The Indian equity markets are poised for a sluggish start this Tuesday, as the benchmark indices, Sensex and Nifty 50, are expected to open lower, reflecting mixed signals from global markets. With the GIFT Nifty indicating a gap-down opening, it’s trading at around 23,461, showing a discount of nearly 176 points from the previous Nifty futures close. This dip follows a market closure on Monday, March 31, in observance of Eid-ul-Fitr.

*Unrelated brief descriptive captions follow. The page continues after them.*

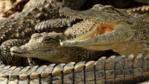 A group of Nile crocodiles close together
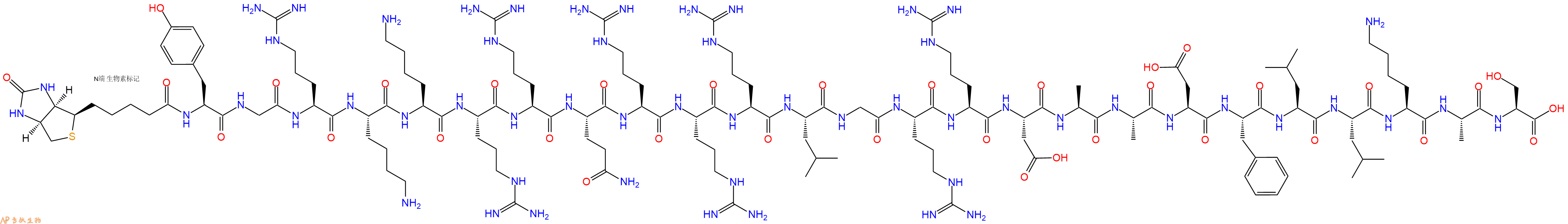 专肽生物产品生物素标记肽Biotin-YGRKKRRQRRRLGRRDAADFLLKAS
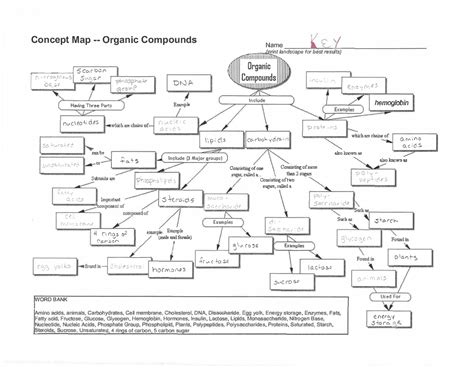 Organic Molecules Concept Mapping Packet Answer Key Epub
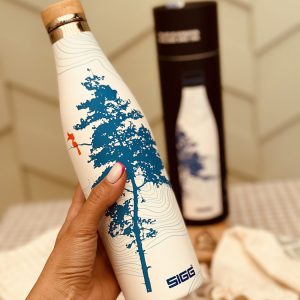 خرید بطری سرد و گرم سیگ SIGG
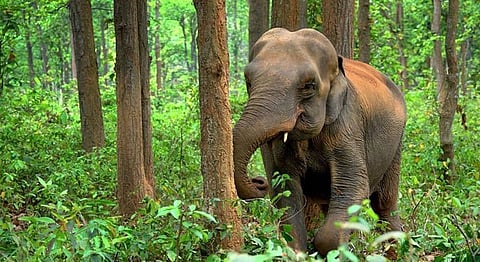 Elephant Conservation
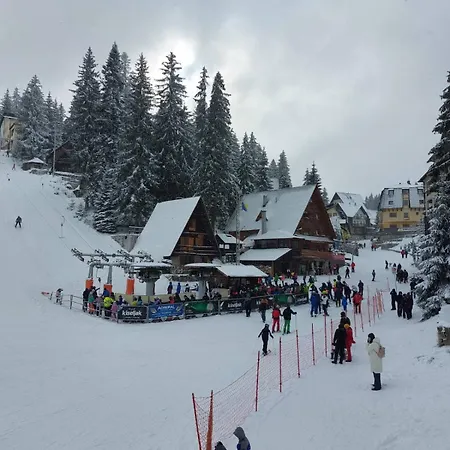 Yesa * Травник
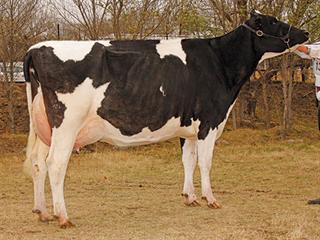Total Dispersal Sale of Scoltzer Boerdery Total Dispersal Sale of Scoltzer Boerdery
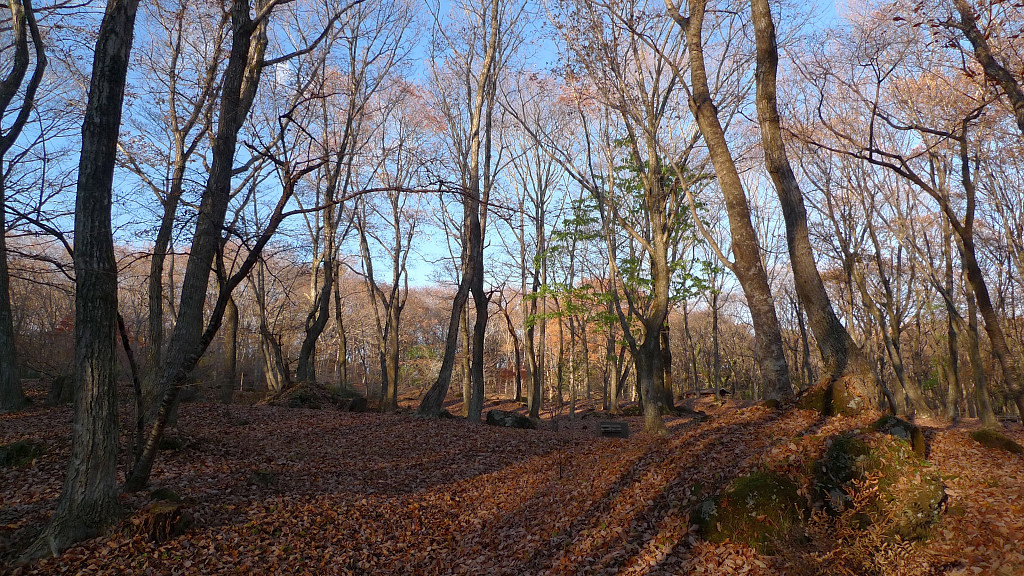 b0109942_6172664.jpg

Market Recap: Previous Trading Session Insights
On the last trading day, the domestic equity market faced profit booking, resulting in the Nifty 50 maintaining the 23,500 level. The Sensex experienced a decline of 191.51 points, closing at 77,414.92, which translates to a drop of 0.25%. Meanwhile, the Nifty 50 finished down by 72.60 points, settling at 23,519.35.
What Lies Ahead for Nifty 50 and Bank Nifty?
Nifty 50 Outlook
Current Open Interest (OI) data for the Nifty 50 reveals resistance levels at 23,600 and 24,000, while strong support lies at 23,300. A breakthrough past 23,800 could signal a strong upward movement, making these levels crucial for traders to monitor.
- Recent performance indicates the Nifty 50 has slipped into a weaker phase, with a notable drop of 72 points on March 28.
- According to Nagaraj Shetti, a Senior Technical Research Analyst at HDFC Securities, the formation of a negative candle suggests that bullish momentum has stalled. The market could experience range-bound action between 23,650 and 23,400.
- Immediate support is positioned around 23,400, which corresponds to the 200-day Exponential Moving Average (EMA). The overhead resistance to watch is at 23,650, with an additional level at 23,850 for this week.
Technical Analysis Insights
Om Mehra, a technical analyst at SAMCO Securities, observed that the Nifty 50 index has shown resilience, gaining 0.72% weekly and a robust 6.30% monthly return. The index is comfortably above the 20, 50, and 100 EMAs, with the daily Relative Strength Index (RSI) remaining above 60, indicating persistent strength.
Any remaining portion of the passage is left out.